The Secretary of State has read and noted the contents of the Separation Board minutes recording their meeting on 14 June 2010. It was proposed at that meeting that if the judicial review were unsuccessful then separation would need to take place at eight months because the possibility of separation after the original review date (January 2011) would mean that your child would be at least 13 months at separation and this would not be in the child's interest.
This, together with the separate interests of both mother and baby in staying together as their relationship develops, no separation decision having been taken until now, is a relevant factor in consideration of the parole review period. If all other things were equal, it would represent a reason for a shorter parole review period. However in this case there are cogent reasons for considering that the appropriate period is 15 months which are based on risk of offending which no doubt outweigh the effect of the most recent views of the Separation Board.

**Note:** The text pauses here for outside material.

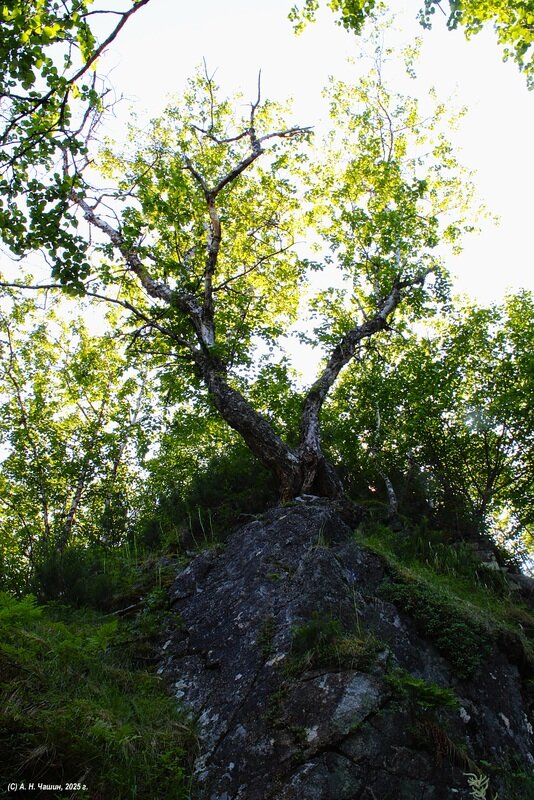 Солнце, зелень, два ствола - Александр Чашин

When consideration is given to bringing a review forward a number of factors are taken into account, including successful completion of offending behaviour work, the impact of this work on a prisoner's level of risk and conduct and behaviour whilst in custody. There is still outstanding offending behaviour work for you to complete and there remains concern about your conduct and behaviour. In light of these factors, coupled with the assessment that indicates that you are still a high risk of harm, the Secretary of State does not accept that your risk of harm to the public has been sufficiently reduced to justify bringing your review forward. He considers that, always having regard to his duty to protect the public, these factors must carry greater weight than the possibility of early separation from your child.
There needs to be evidence that your good behaviour can be sustained for a prolonged period of time to give you every opportunity to remain in the community on life licence when you are once again released. The review process has already been commenced and your case is on schedule to be considered in January 2011 as planned."